One of the most honest paragraphs ever written.

Seriously though, great tool and great write up. I hope something like this lands as an official cargo feature. Coming from mostly Python land at work with crazy dependencies for TF and PyTorch GPU support (On Windows sometimes!) makes me super jealous.


Ouch. Python on Windows? I sympathize.


I think this would benefit from an example repo that shows just Cargo.toml for a simple src/main.rs with `fn main() { println!("Hello, world!"); }` project with the simplest needed .github/workflows/foo.yaml possible to actually use this.

If it was in the article and I missed it I apologize.

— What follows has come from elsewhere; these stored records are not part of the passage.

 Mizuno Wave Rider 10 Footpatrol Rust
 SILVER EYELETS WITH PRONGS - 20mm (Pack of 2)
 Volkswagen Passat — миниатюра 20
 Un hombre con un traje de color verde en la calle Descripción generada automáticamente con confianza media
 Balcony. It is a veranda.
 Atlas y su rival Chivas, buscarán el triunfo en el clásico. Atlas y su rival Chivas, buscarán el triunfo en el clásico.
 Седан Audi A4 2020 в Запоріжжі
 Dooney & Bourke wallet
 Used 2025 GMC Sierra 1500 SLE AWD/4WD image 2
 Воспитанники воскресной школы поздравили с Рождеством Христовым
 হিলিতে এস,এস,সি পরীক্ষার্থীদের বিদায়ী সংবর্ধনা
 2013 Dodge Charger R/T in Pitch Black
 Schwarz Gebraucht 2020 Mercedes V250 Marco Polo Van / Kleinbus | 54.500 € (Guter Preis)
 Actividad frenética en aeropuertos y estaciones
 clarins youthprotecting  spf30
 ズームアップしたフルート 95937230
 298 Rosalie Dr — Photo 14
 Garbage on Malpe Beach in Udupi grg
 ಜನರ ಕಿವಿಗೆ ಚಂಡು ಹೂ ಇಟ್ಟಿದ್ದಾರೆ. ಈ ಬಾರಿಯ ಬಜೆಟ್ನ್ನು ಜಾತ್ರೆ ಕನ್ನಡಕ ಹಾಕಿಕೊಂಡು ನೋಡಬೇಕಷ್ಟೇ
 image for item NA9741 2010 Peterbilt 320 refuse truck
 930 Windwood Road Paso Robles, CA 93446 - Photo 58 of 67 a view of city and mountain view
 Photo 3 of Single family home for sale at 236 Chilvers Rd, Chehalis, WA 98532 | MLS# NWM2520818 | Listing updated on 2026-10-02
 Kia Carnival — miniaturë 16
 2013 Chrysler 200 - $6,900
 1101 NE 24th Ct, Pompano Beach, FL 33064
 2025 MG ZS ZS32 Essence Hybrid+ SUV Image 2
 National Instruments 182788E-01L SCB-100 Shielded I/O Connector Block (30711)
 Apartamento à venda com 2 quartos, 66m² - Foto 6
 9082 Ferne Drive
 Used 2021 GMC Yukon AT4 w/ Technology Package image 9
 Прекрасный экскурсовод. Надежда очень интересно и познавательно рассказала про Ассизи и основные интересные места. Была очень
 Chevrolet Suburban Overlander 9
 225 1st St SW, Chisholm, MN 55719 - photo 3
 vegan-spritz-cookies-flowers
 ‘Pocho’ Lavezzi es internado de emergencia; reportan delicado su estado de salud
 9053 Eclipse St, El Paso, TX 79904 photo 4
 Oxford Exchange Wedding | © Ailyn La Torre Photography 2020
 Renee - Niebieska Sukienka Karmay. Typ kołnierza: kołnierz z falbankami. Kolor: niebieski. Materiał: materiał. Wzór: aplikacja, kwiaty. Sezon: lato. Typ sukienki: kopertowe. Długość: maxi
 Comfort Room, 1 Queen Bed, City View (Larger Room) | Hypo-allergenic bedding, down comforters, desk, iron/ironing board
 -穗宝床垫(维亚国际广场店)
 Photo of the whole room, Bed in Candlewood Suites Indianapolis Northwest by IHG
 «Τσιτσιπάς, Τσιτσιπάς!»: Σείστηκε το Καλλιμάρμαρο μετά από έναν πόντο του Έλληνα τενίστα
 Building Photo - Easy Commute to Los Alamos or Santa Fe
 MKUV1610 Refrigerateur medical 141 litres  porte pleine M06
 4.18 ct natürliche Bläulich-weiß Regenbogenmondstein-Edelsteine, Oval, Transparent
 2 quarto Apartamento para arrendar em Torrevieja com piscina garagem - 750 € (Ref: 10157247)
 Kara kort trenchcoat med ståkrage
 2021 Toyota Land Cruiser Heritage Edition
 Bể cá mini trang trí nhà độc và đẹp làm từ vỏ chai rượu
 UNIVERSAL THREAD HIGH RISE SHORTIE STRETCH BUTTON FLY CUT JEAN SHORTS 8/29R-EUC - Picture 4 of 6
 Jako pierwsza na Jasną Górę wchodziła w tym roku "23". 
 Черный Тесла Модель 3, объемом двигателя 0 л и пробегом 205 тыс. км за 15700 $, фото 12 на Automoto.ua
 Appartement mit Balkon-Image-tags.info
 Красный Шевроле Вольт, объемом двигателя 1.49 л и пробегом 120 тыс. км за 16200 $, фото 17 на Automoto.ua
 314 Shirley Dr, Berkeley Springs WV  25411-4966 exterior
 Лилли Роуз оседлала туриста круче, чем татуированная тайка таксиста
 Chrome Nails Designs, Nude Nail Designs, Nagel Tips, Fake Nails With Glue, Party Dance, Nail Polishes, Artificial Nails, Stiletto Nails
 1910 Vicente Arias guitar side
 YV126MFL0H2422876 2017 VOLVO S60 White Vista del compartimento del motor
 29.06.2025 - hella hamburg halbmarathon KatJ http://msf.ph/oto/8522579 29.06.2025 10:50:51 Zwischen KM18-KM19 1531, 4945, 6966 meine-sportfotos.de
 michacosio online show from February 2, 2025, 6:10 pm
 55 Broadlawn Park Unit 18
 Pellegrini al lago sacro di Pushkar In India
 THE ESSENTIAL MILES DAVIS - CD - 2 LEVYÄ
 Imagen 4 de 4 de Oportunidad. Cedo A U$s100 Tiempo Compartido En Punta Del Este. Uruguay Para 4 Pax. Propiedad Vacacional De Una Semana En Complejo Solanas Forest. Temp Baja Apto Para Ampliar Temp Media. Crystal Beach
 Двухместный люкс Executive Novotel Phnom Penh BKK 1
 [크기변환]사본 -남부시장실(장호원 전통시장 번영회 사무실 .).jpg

The "way-too-quickstart" is the minimal example: https://github.com/axodotdev/cargo-dist#way-too-quick-start

A key feature of cargo-dist is that

cargo dist init --ci=github

should simply set everything up for an arbitrary* Rust workspace and you just check in the results.

* Not sufficiently tested for all the wild workspaces you can build, but a "boring" one with a bunch of libraries supporting one binary should work -- that's what cargo-dist's own workspace is, and it's self-hosting without any configuration. Any time I want to update the bootstrap dist I just install that version of cargo-dist on my machine and run `cargo dist generate-ci github --installer=...` to completely overwrite the ci with the latest impl.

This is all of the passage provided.